If you have been following along in this series, so far we have configured the master node and added a few worker nodes to the cluster. Now it’s time to implement a fun part, the TLS certificate management for our internally exposed web applications, so without further ado, let’s dive right into it.
Mixing cert-manager, Let’s Encrypt & Cloudflare#
Cert-manager is a certificate controller for Kubernetes, created by Jetstack and donated to CNCF. Amongst its key features, we are specifically interested in:
- Automated issuance and renewal of certificates to secure Ingress with TLS
- Fully integrated Issuers from recognized public and private Certificate Authorities
We will install cert-manager and configure it to request a certificate from Let’s Encrypt CA.
I won’t go into great details on how the certificate issuing process works but, given that our services are not exposed to the internet, we need to pick a Let’sEncrypt challenge that supports this scenario.
Let’s Encrypt challenges#
As the documentation puts it
Let’s Encrypt supports several challenge types:
- HTTP-01
- DNS-01
- TLS-ALPN-01
Out of those 3, HTTP-01 and TLS-ALPN-01 require your server to be exposed to the internet, while our explicit goal is not to expose any service through the public internet, so the only suitable challenge we can pick is DNS-01.
The DNS-01 challenge#
The DNS-01 challenge process is represented in the following sequence diagram:
Tip
If you want to read more about how the ACME protocol works, you can read the internet standard RFC 8555
DNS Registrar#
I’m using Cloudflare as my registrar because I love their services, their API allows us to automate DNS management, there are a lot of integrations already existing for Cloudflare and it works natively with cert-manager.

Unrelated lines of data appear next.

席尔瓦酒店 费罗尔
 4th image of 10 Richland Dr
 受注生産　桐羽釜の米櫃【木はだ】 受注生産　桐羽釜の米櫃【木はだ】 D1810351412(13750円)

Cloudflare is not the only provider supported by cert-manager and the list of all the supported providers for the DNS-01 challenge can be found here.
Install and configure cert-manager#
We’re using Helm to install cert-manager, so we need to add the Helm repository and then install the chart.
helm repo add jetstack https://charts.jetstack.io
helm repo update
helm upgrade --install cert-manager jetstack/cert-manager \
--namespace cert-manager \
--create-namespace \
--version v1.15.1 \
--set crds.enabled=true
Generate Cloudflare API token#
Now that we installed cert-manager, we have to configure it to consume the Cloudflare API. We have to create a Cloudflare API token to allow cert-manager to consume the Cloudflare API, for which the required permissions are:
Permissions:
Zone - DNS - Edit
Zone - Zone - Read
Zone Resources
Include - All Zones
Now we need to create a Kubernetes secret with the token generated earlier:
kubectl create secret generic cloudflare-api-key-secret \
-n cert-manager --from-literal=api-key=[YOUR_CLOUDFLARE_API_KEY]
Configure the staging ClusterIssuer#
When we install cert-manager, it creates some custom resource definitions (CRDs) that we will use to configure various aspects of the certificate request process, two of which are the Issuer
or ClusterIssuer
. Those resources represent certificate authorities (CAs) that will issue our cluster the TLS certificates.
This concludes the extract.